THE TASK =
Please write out exactly the line containing "New 2026 Honda Civic Sport Touring image 29" below and every line after it, through the last one, but leave out any pictures.
.....
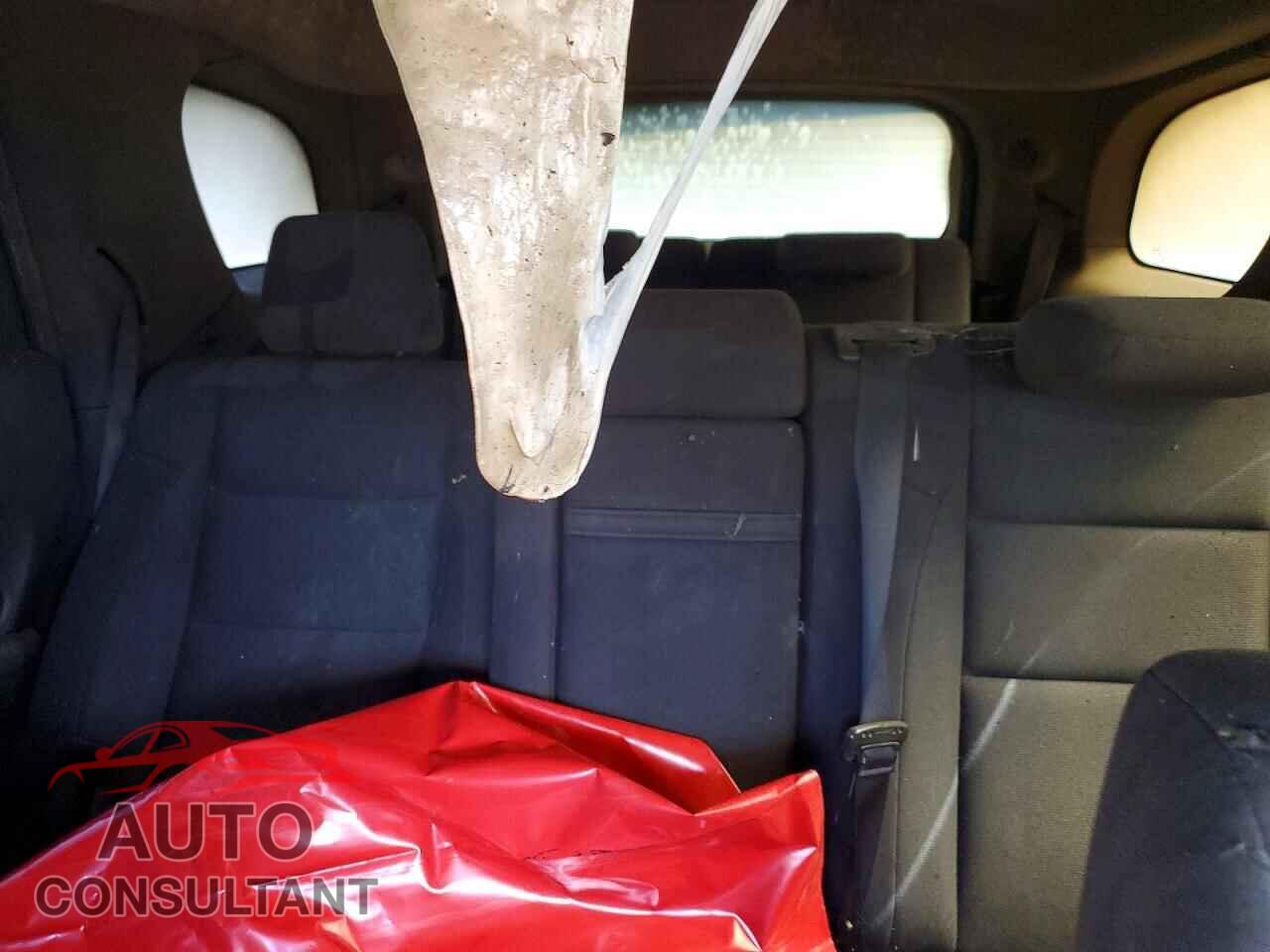 DODGE DURANGO 2011 - 1D4SE4GT5BC595529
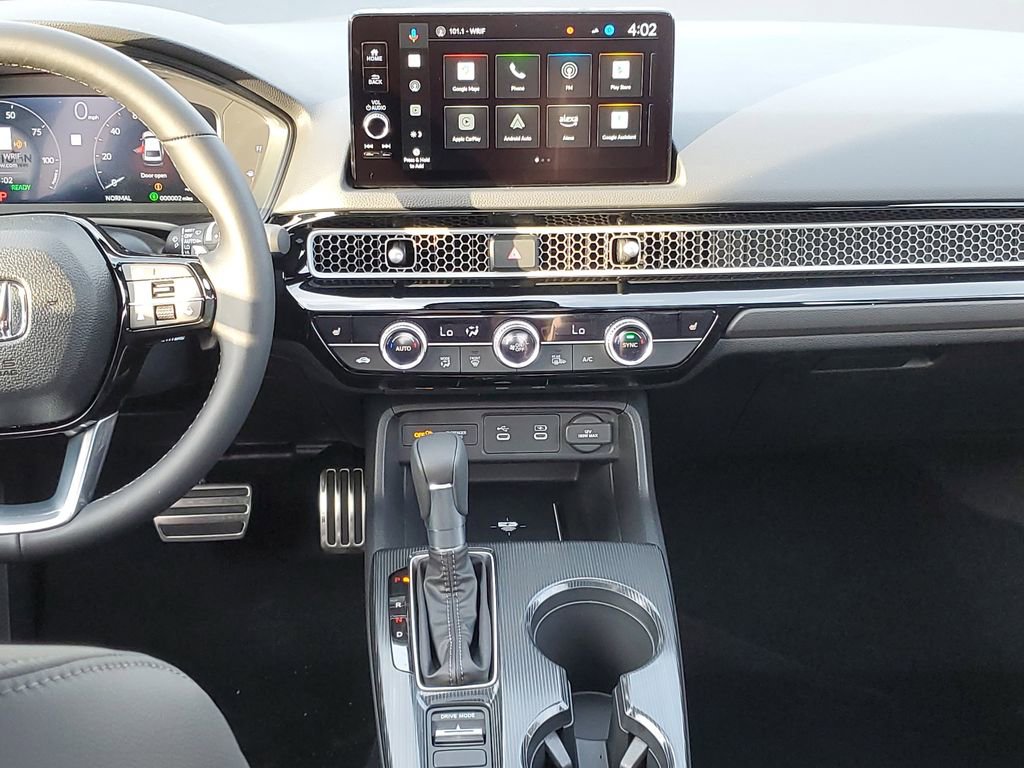 New 2026 Honda Civic Sport Touring image 29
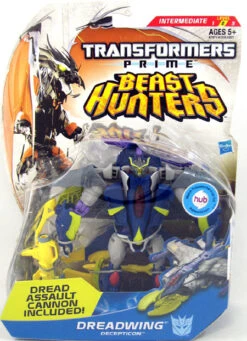 Transformers Prime Beast Hunters Deluxe Class: Dreadwing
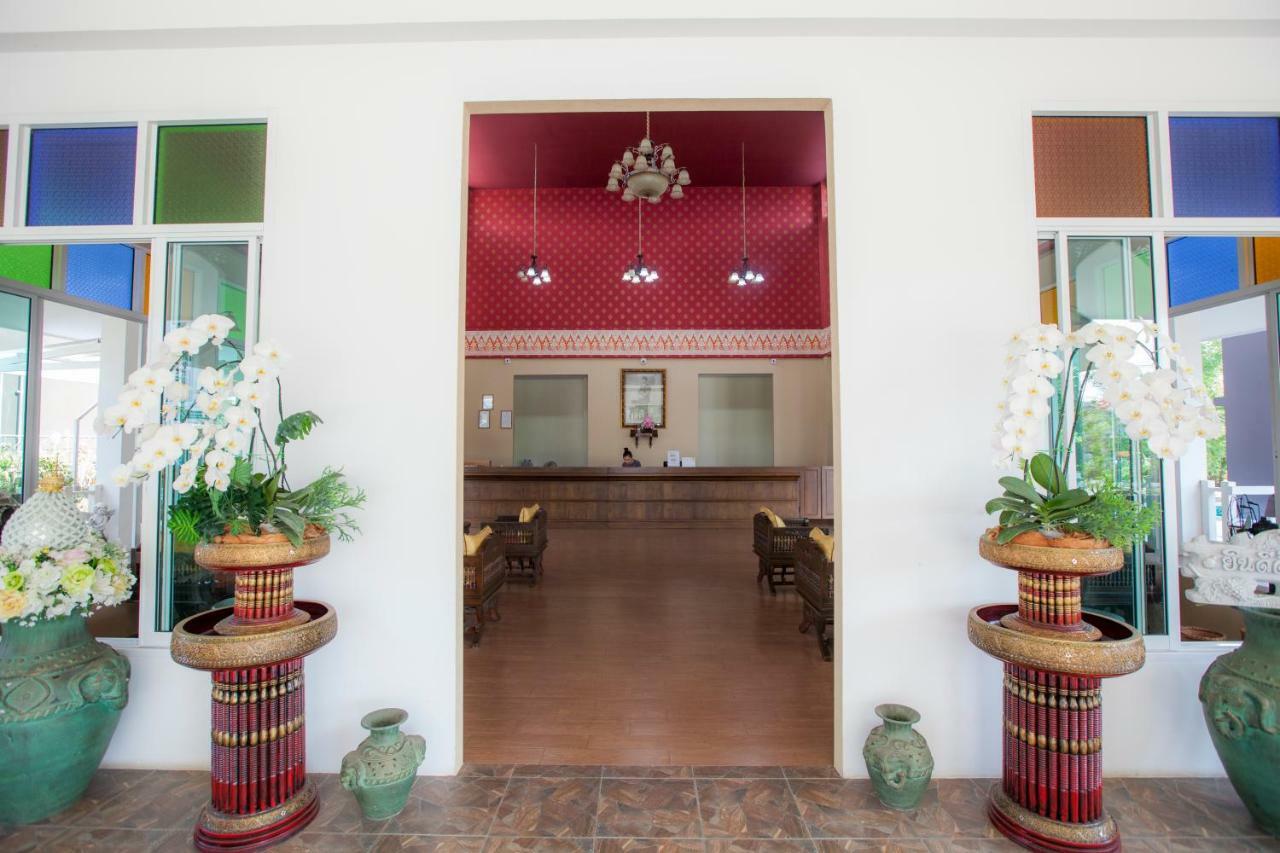 At Ruam Chok Hotel Chiang Mai Ngoại thất bức ảnh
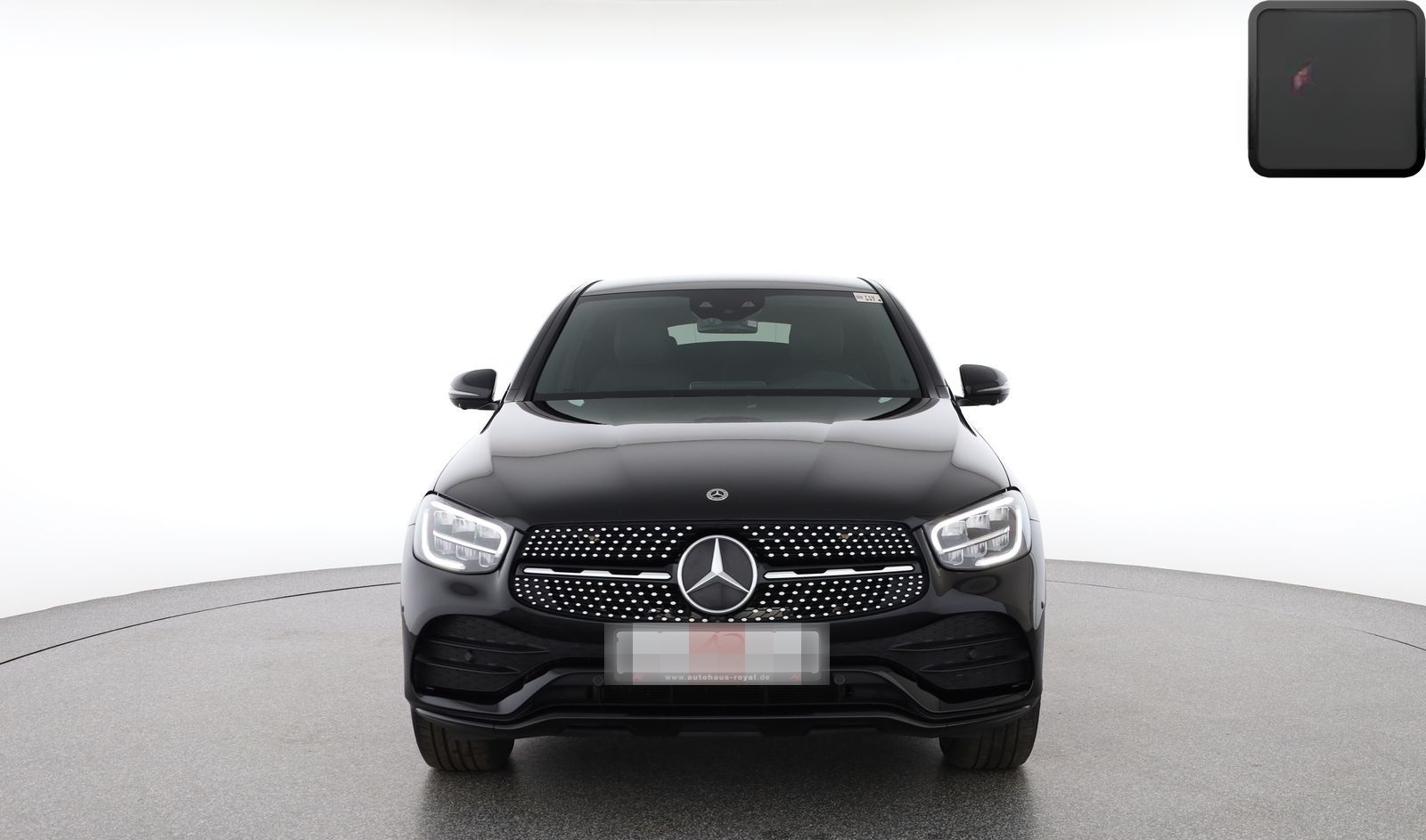 Mercedes-Benz GLC 300 d 4M Coupe 3x AMG NIGHT,HEADUP,360GRAD foto 8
.....
REPLY =
 New 2026 Honda Civic Sport Touring image 29
 Transformers Prime Beast Hunters Deluxe Class: Dreadwing
 At Ruam Chok Hotel Chiang Mai Ngoại thất bức ảnh
 Mercedes-Benz GLC 300 d 4M Coupe 3x AMG NIGHT,HEADUP,360GRAD foto 8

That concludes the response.